Of course, the family think I'm joined at the hop to my computer.... they're not far wrong!
That should be 'joined at the hip'..... did I mention I'm the world's worst proof-reader????
Sara:
Whether we're isolated by our profession of writing, or by oceans (you're in New Zealand, right?), the 'net helps bridge that. I am wired 24/7, though recently I've tried to take some days 'net-free just so I disconnect from that and really relax.
E
Hi Erica,
Been away taking care of things, but I had to jump in and put in my $.02.
The thing about meeting people online, as opposed to in-person, is that all you have is the words. There is nothing else but the words. The conversation is everything because there is nothing else to distract from it.
When I met my wife we lived over 400 miles apart.
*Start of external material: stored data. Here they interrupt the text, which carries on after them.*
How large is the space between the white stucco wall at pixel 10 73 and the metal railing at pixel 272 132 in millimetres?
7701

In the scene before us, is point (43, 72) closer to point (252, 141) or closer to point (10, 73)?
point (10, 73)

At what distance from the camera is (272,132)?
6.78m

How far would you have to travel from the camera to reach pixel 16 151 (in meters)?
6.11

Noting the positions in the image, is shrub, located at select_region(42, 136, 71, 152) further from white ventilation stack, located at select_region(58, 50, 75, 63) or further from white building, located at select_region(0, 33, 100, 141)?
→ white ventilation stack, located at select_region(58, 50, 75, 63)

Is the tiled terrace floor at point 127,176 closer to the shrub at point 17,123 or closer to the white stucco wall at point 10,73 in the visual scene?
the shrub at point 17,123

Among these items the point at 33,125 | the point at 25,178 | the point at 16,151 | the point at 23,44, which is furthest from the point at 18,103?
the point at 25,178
We would meet on the weekends, but the vast majority of our relationship was based on conversation through email and phone calls. I believe that was what gave us such a great bond at the beginning of our relationship. We really just got to know each other because all we had was the words, the conversation.
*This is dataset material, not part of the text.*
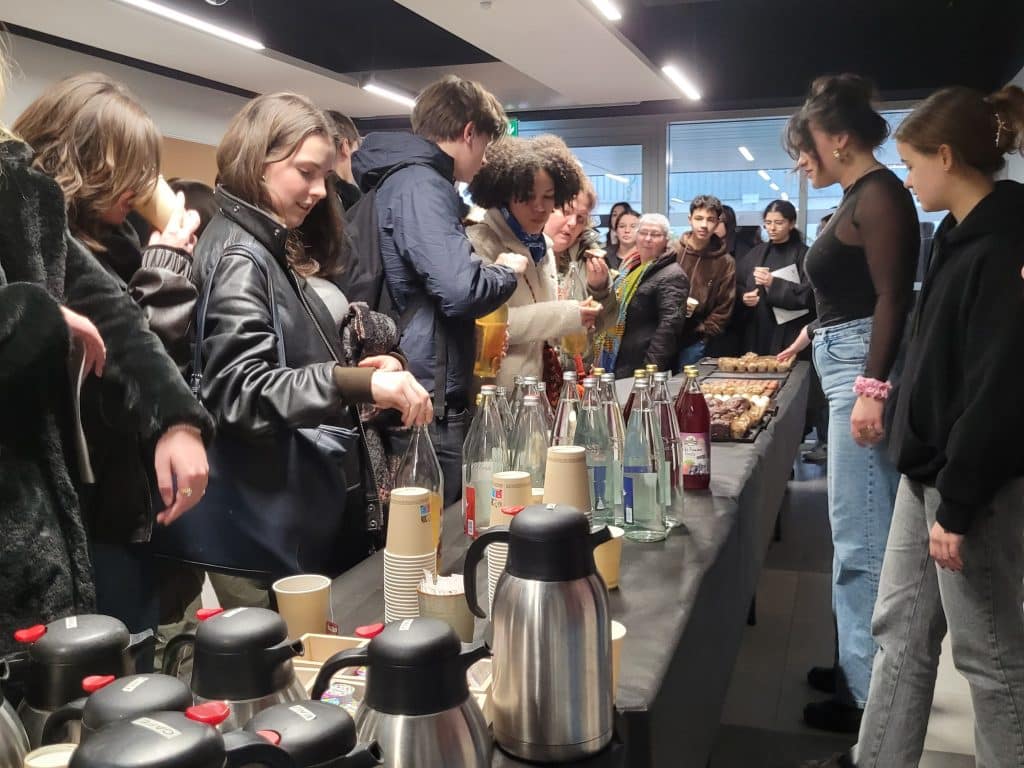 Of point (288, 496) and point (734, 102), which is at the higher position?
point (734, 102)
Something I noticed at the recent backspace conference in NYC a few weekends ago was overhearing people talking and commenting that even though they had never met, they felt like they were old friends because of their conversations online.
Thanks for having such a great blog, and taking the time out of your very busy life to share with the world. I'm glad I found this space.
I really feel for Karmela. I lost my father to cancer a few years ago, and he was such a huge influence in my life. I think about him daily, and I miss him horribly. Right along with my brother who passed back in '85. Those kind of losses make you stronger, eventually. But the cost is sometimes to much to take.
Hi Ewoh:
Missed you, Guy! Hope the conference was awesome for you.
You know, the Internet has its pluses and minuses as far as that goes. On the one hand, definitely it builds intimacy. You have these amazing conversations. On the other hand, sometimes it's a false view of someone (i.e., if they are not honest). Also, I have noticed that I think I am much FUNNIER in writing. I am quick-witted in person, but sometimes in writing, because you have time to develop a joke or think about what you want to say, it's easy to come across the way you choose. So if someone met me and expected me to be x way, when I am more like y . . . you see what I'm saying. AND, as I am fond of teasing Jude on here, how do I know he's not a serial killer. ;-)
E
You needn't worry, Cla... I mean, Erica. I find the world a much more interesting place with you in it. :)
Jude:
Feel in the mood for some fava beans?
E
You seem to have me confused with someone else, senora. Never forget, I am Don Juan DeHardin, the world's greatest lover.
Jude . . . er . . . Don Juan . . .
I totally forgot! But never again, Senor!